Right! The show was an amazing spectacle. I can’t get over the production value of Broadway shows: from the talent level of the very last actor to the gigantic twisting, growling mechanical head of the Wizard of Oz to the monkeys who flew right over our heads. Where Rent was intimate and personal, Wicked is blow-your-mind theater magic. We loved both.
It wouldn’t be us if we didn’t attempt to spend every waking hour of our trip stuffing our faces! Greg took us and his brother on something of a “meats of the world” gastronomical excursion on Saturday. We shared a mountainous plate of corned beef and sauerkraut at the Carnegie deli for lunch, followed by an afternoon snack of German sausages at a Biergarten. Pork sausage, veal sausage, venison sausage…all with more sauerkraut, lots of beer, and even more groans from Brittany. During the meat and beer-filled hours we spent between both restaurants, I think she ordered a hot chocolate. Sorry Brittany!

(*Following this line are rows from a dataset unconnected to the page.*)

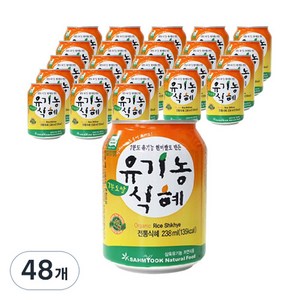 삼육 유기농 식혜, 238ml, 48개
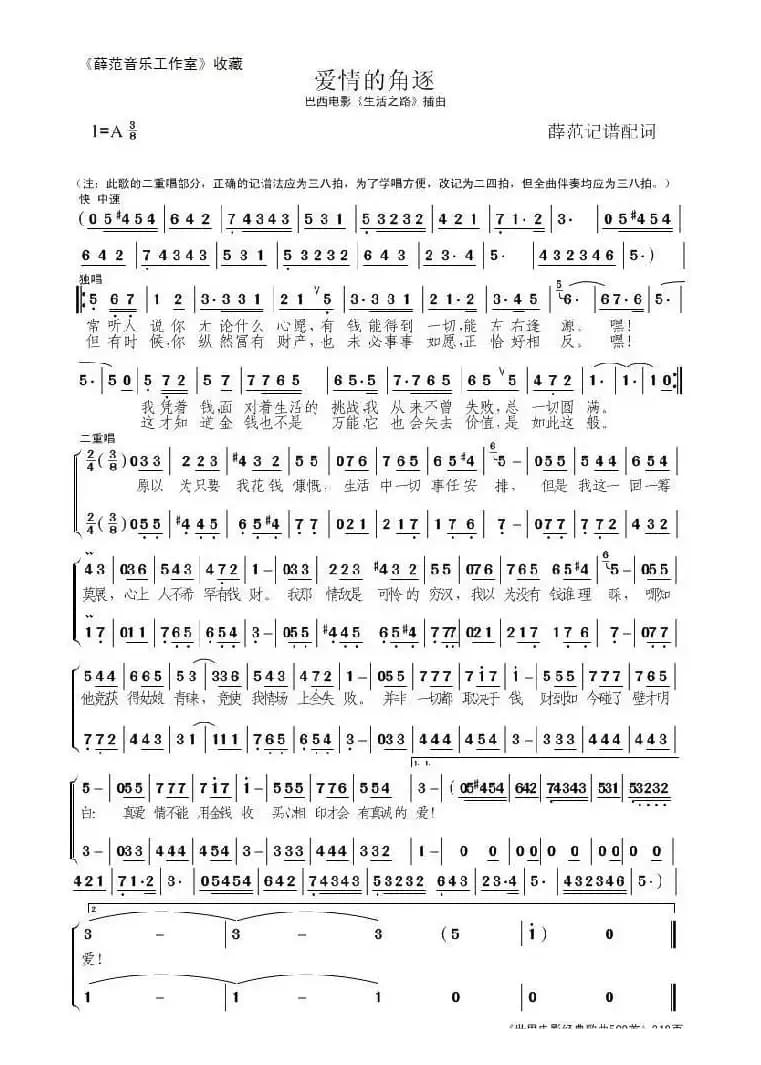 爱情的角逐（巴西）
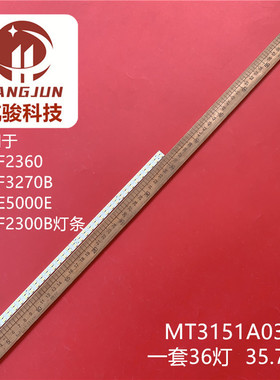 适用TCL L32F2360 L32F3270B灯条37TM6315000007/06屏MT3151A03-1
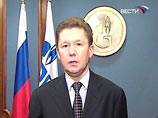 Миллер: "Газпром" не оштрафует Украину, начнет поставки газа в Испанию и пригласит в РФ испанские компании
Миллер: "Газпром" не оштрафует Украину, начнет поставки газа в Испанию и пригласит в РФ испанские компании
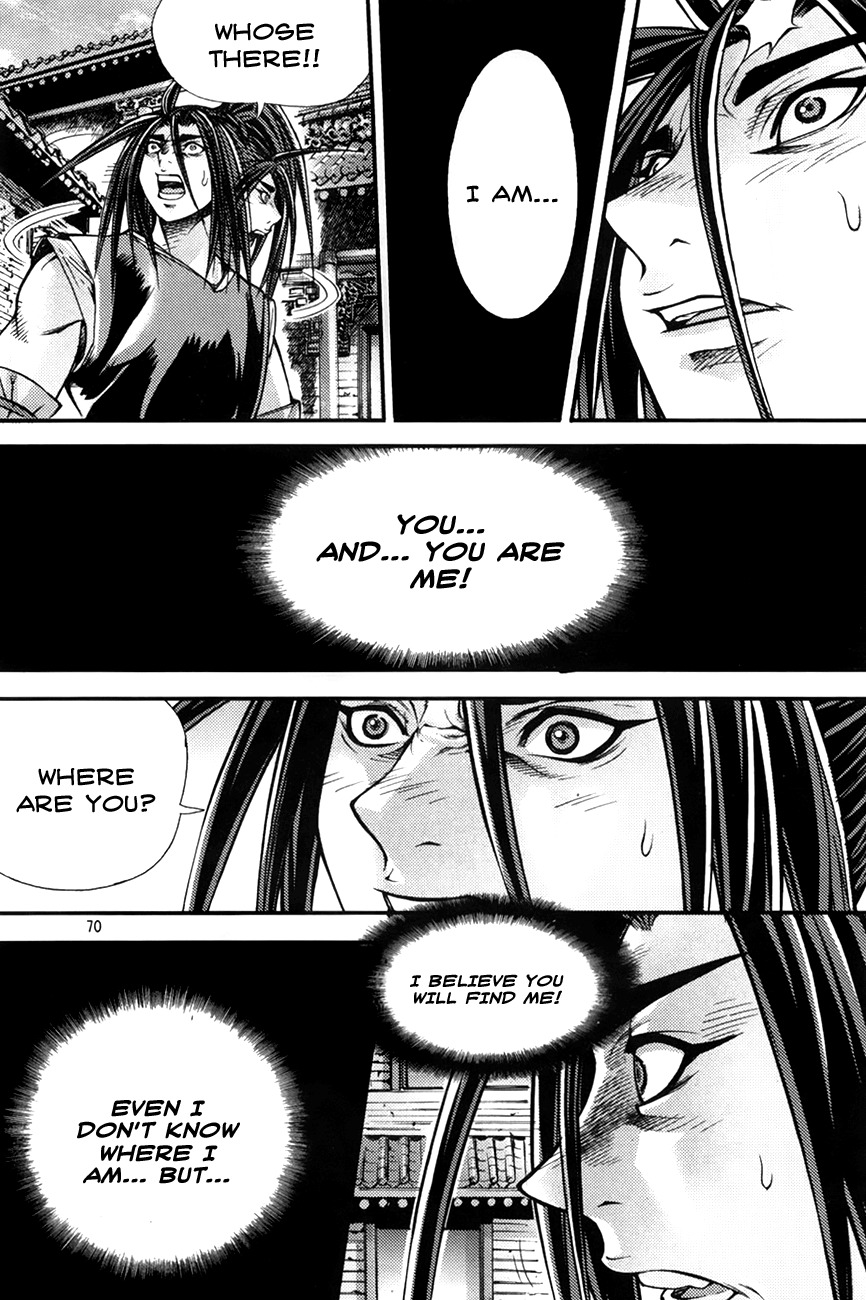King of Hell Chapter 201 page 21 - Chapter 201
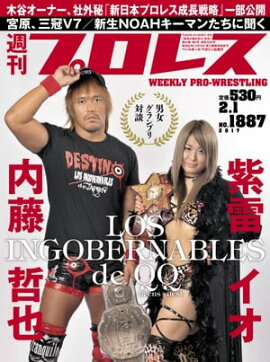 週刊プロレス 2017年 2/1号 No.1887 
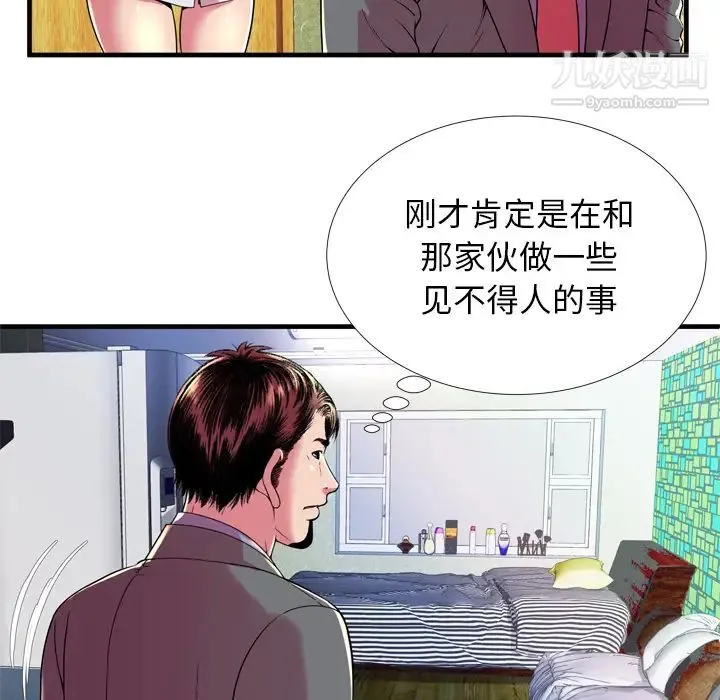 恋上闺蜜的爸爸 第65话 第17页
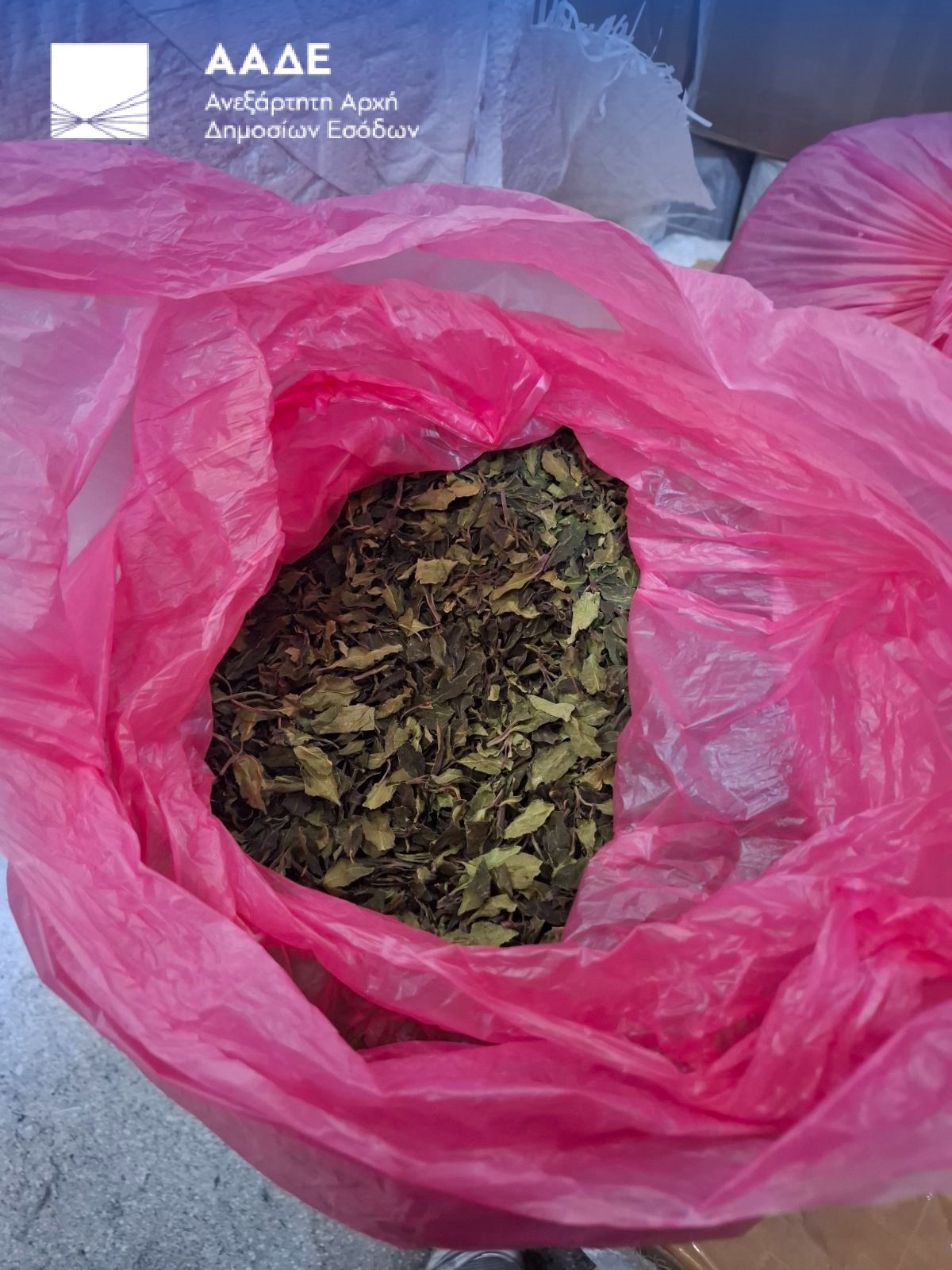 Coca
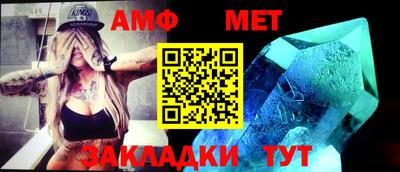 мескалин Абакан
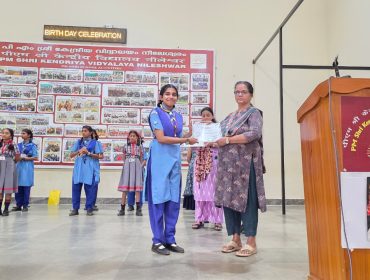 WhatsApp Image 2026-01-24 at 9.23.56 AM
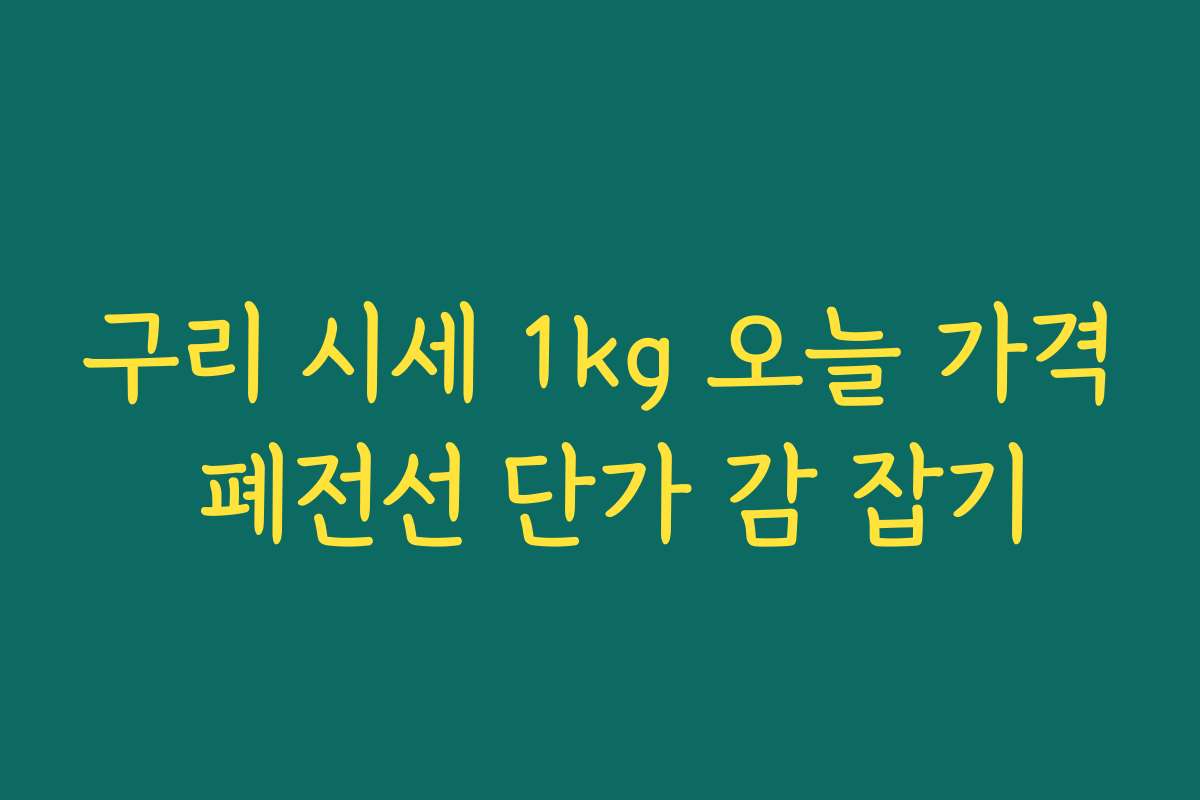 구리 시세 1kg 오늘 가격 폐전선 단가 감 잡기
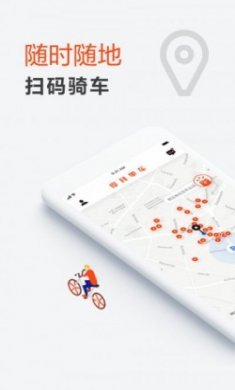 摩拜单车app官方手机版最新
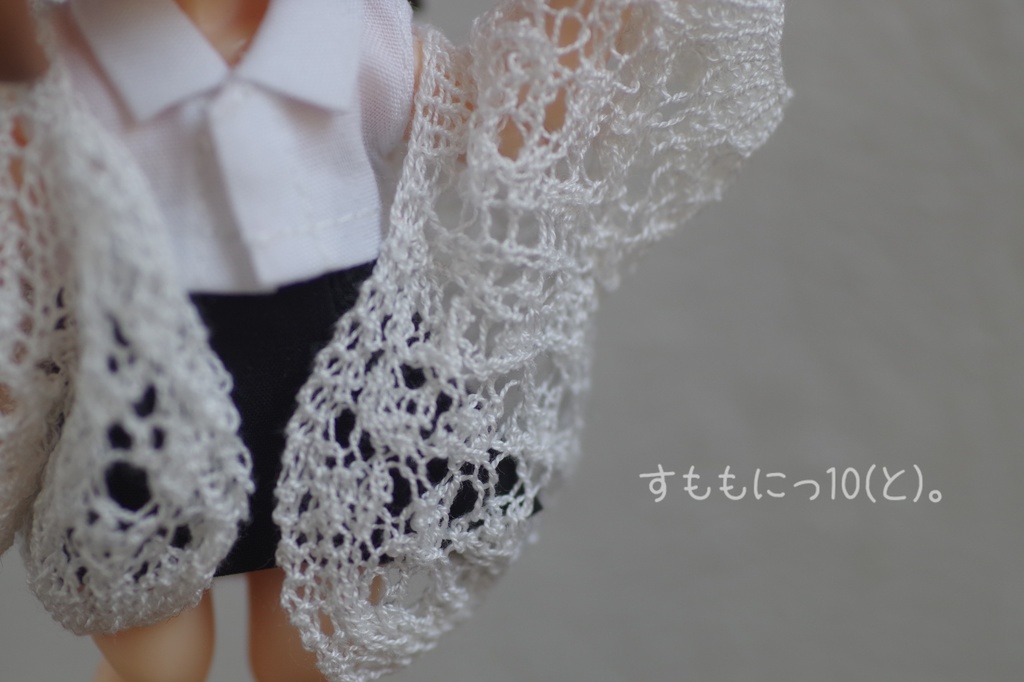 さらりと、すかしサマーカーディガン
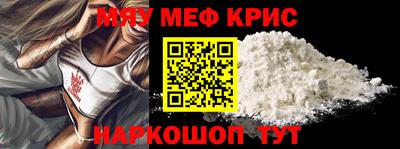 альфа пвп Гатчина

All was not lost for her: we ate a fun brunch at the diner from Seinfeld! Well…sort of. See, it’s the diner that they used for the outside shot on Seinfeld, but walking inside is kind of a disappointment because it looks nothing like the show. No booth for Jerry and the gang and no cranky old cashier lady. Just a huge crowd of Columbia students, a harried waitstaff, and some Seinfeld magazine covers on the wall. Oh well. Brittany says the shots from inside the diner were probably filmed on a “set,” but whatever that may mean, I don’t understand it and I won’t respond to it.